# Glock 19 or 26?



## schyfy (Mar 31, 2013)

Having touble deciding which one.. I want to stick with 9mm but I cant decide which one I want. I want the glock 19 because of the 15 round mag but the 26 conceals alot easier. I just dont know if I could conceal the 19 being 5ft 9 and 165 lbs. What would your opinion be??


----------



## wilson396 (Jan 28, 2013)

I would choose the G26 for conceal carry and carry an extra G19 magazine for back up.

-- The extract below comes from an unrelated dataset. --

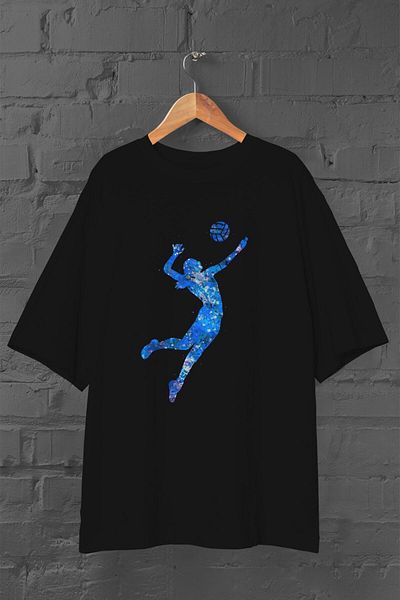 Pisa Art Унисекс черна тениска с щампа за волейбол с надпис Slam Dunk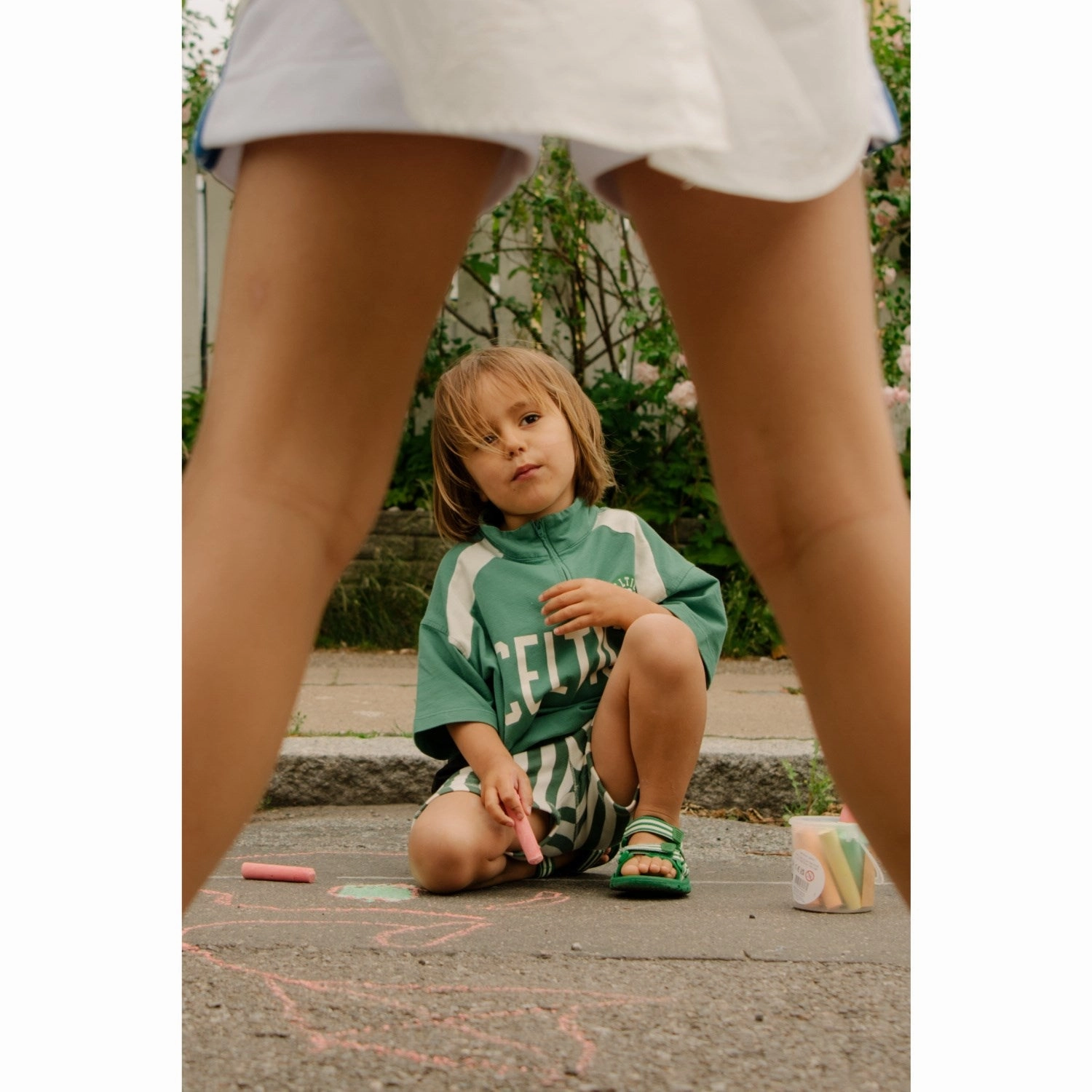 Stretch Fabric Bisgaard Emerald Green Stripes Trine Kj?r X Addie Sandal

Or, go with the G27 in .40 S&W and swap out a conversion barrel to switch to 9mm. The best of both worlds.


----------



## VAMarine (Dec 25, 2008)

G19.

If my wife @ 5'4" 99lbs and I at 5'8" 230lbs can hide a G19 pretty easy you can too.


----------



## schyfy (Mar 31, 2013)

Ya if she can than I for sure can


----------



## jdw68 (Nov 5, 2011)

I have a glock 26 and love it! I am very impressed with how easy it is to shoot these pistols accurately. I also have several mags including 10, 12, and 15 round mags for my 26. I have seen and held the glock 19 and I'm sure they are just as good.


----------



## johnme (Feb 15, 2013)

I only have glock in a 21. My sw mp9c falls in the same size. I can carry in front pocket of cargo pants or shorts. Out side the belt
feels better to me. Glock 19 is on my short list.


----------



## shaolin (Dec 31, 2012)

I am the same size and I can carry the Glock 19 concealed with a loose fitting tee shirt or dress shirt


----------



## SouthernBoy (Jun 27, 2007)

You should have little problem concealing the Glock 19 as it is a compact pistol. The right holster and clothes and you should be good to go.


----------



## LarryNC (Jun 16, 2011)

I don't think the question should be which one to get, but which one to get first. The only bad thing about Glocks is that they tend to multiply like rabbits. Are you married? The reason I ask is this; Glocks all look alike and my wife can't tell the difference between an older Glock and one I've just recently bought :mrgreen: I purchased the 19 before the 26, but you really cannot go wrong with any 9mm Glock.


----------



## schyfy (Mar 31, 2013)

Thanks yea im leading towards the 19 first! I found out i get the LE discount for being a fire fighter paramedic. so ill get both in due time:smt082


----------



## cedarhill (Apr 9, 2013)

Yes they do multiply as I just purchased my 4th. Haven't yet gone to a 26 but it only a matter of time. Received an XDSC 9 and that may have satisfied a small concealable firearm as most of the Glocks are 19's.
J


----------



## Boats (Sep 7, 2013)

I got the chance to shoot a 19 Gen 4 a few weeks ago and I was amazed at how accurate that it was. I already own a few glocks but now I will add a 19 for sure. Great little shooter.


----------



## crinko (May 26, 2008)

Get the G19 and the right holster and you'll be good to go


----------



## DaleBalkie (Oct 6, 2013)

Go with the Glock 19! I recently acquired one and i usually wear fitted clothing, however no issues with concealment!


----------



## berettatoter (Sep 1, 2011)

schyfy said:


> Having touble deciding which one.. I want to stick with 9mm but I cant decide which one I want. I want the glock 19 because of the 15 round mag but the 26 conceals alot easier. I just dont know if I could conceal the 19 being 5ft 9 and 165 lbs. What would your opinion be??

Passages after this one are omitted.